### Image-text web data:

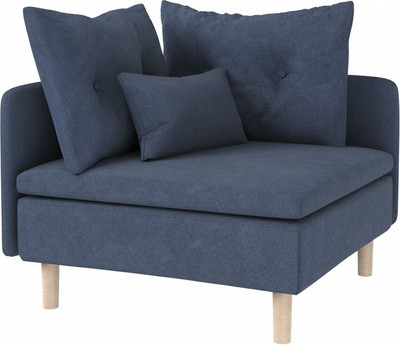 Кресло мягкое Mio Tesoro Угловое Линту Lintu Rog (Prince Ocean)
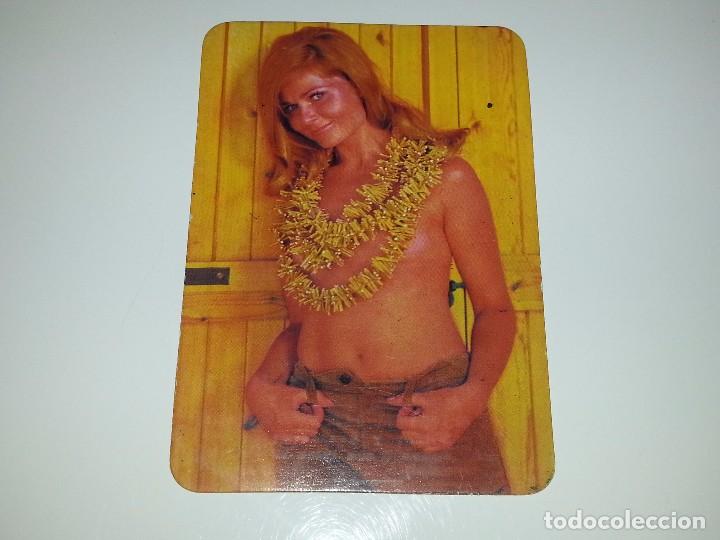 Calendriers: ANTIGUO CALENDARIO DE BOLSILLO EROTICO A&Ntilde;O 1972 SERIE I G 1013 G. VICTORIA VIGO CON PUBLICIDAD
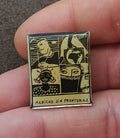 1990s Médicos Sin Fronteras (Doctors Without Borders) Silver Tone Enamel Pin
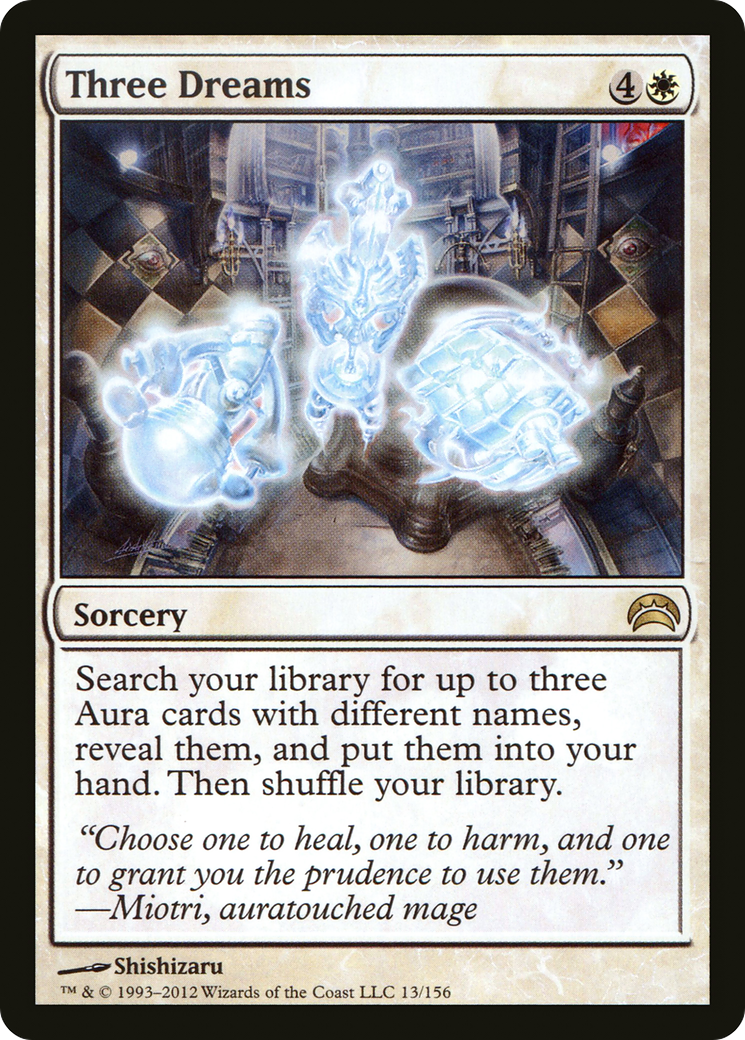 Three Dreams (PC2-013) - Planechase 2012 Foil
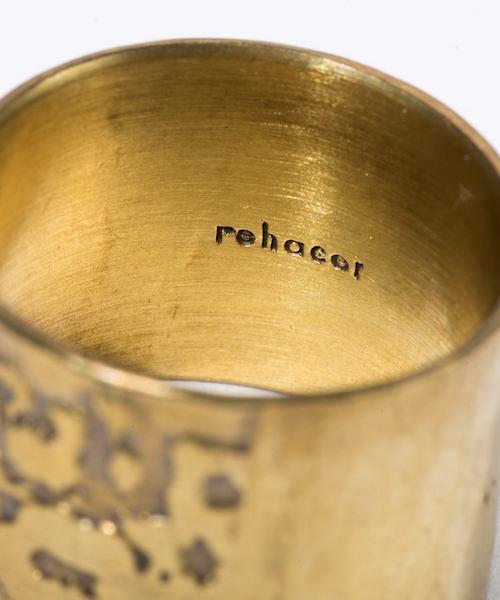rehacer(レアセル)の「× Anikulapo : plate ring(リング・メンズ・シルバー/アンティークゴールド・FREE)」の5枚目の写真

### WHAT TO WORK ON:
Every line from the one with "Three Dreams (PC2-013)" through the end of the records above belongs in the answer, copied exactly; no picture does.

### FINAL ANSWER:
 Three Dreams (PC2-013) - Planechase 2012 Foil
rehacer(レアセル)の「× Anikulapo : plate ring(リング・メンズ・シルバー/アンティークゴールド・FREE)」の5枚目の写真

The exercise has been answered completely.